Les scientifiques développent également un modèle bio-informatique, génétique et écologique pour tenter de déterminer les scénarios les plus probables qui ont mené à la situation actuelle. Cette approche permet ainsi de confirmer que c’est bien l’aire d’expansion du chat sauvage qui a augmenté jusqu’à rencontrer celle du chat domestique et non l’inverse, ce qui aurait pu être le cas.
Solitaire et explorateur
«Dans le deuxième papier, plus théorique et paru en 2019 dans la revue Evolution, nous avons essentiellement tenté de préciser les scénarios, poursuit Mathias Currat. Nous avons montré que nos résultats sont les plus en accord avec les observations sur le terrain lorsque nos simulations supposent que le chat sauvage mâle a un comportement solitaire plutôt que grégaire et qu’il est plus porté sur l’exploration de nouveaux territoires. Nous avons pu estimer aussi qu’entre 5 et 10% des contacts entre un chat sauvage et un chat domestique débouchent sur une naissance d’hybrides.»
Il en ressort donc que ce sont surtout les mâles sauvages qui se reproduisent avec les femelles domestiques. Les petits hybrides, qui portent les gènes des deux espèces, se reproduisent ensuite à leur tour, soit avec des domestiques, soit avec des sauvages. Le problème n’est toutefois pas le même pour les deux espèces. On estime que la Suisse compte 1,6 million de chats domestiques. Le chat sauvage, selon le dernier relevé de l’espèce effectué il y a dix ans, ne représente que quelques centaines d’individus. L’apport d’ADN sauvage dans les populations domestiques demeure donc relativement faible tandis que l’«introgression» dans le patrimoine génétique de Felis silvestris est beaucoup plus massive. Et, paradoxalement, le fait que les chats sauvages soient actuellement en expansion démographique tend même à accentuer ce phénomène.
Remplacement irréversible
Suite logique, le troisième papier a tenté de préciser l’avenir qui attend le chat sauvage. «Nous avons projeté les conséquences possibles de l’hybridation avec les chats domestiques pendant les prochaines centaines d'années, pose Mathias Currat. Notre modèle bio-informatique débouche sur un remplacement génétique irréversible dans la population de chats sauvages par les gènes des chats domestiques dans tous les scénarios simulés. La seule action identifiée permettant d’y échapper consisterait à stériliser les chats domestiques errants vivant aux abords des fermes ou à proximité des forêts, particulièrement les femelles puisque ce sont les gènes hérités maternellement qui sont les plus affectés par l’hybridation. Il serait également nécessaire d’en connaître plus sur ces individus hybrides afin de mieux identifier leurs aptitudes et leurs interactions avec les espèces parentales. Ces mesures de protection devraient être prises le plus rapidement possible, car des interventions trop tardives risquent d’être plus coûteuses aussi bien économiquement qu’écologiquement.»

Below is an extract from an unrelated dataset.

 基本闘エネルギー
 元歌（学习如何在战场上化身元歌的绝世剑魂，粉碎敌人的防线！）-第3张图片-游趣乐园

Au-delà du risque de perdre de la biodiversité, l’une des difficultés qui s’annoncent est celle de la conservation des espèces menacées. Dans les lois actuelles de protection des animaux sauvages, les hybrides ne sont en effet pas pris en considération. Pourtant, si ces derniers finissaient par être les ultimes représentants d’une espèce virtuellement disparue, ne faudrait-il pas les protéger aussi? Sans pour autant avoir débouché sur des solutions toutes faites, les débats sur cette question sont plus avancés en Écosse et en Hongrie qu’en Suisse.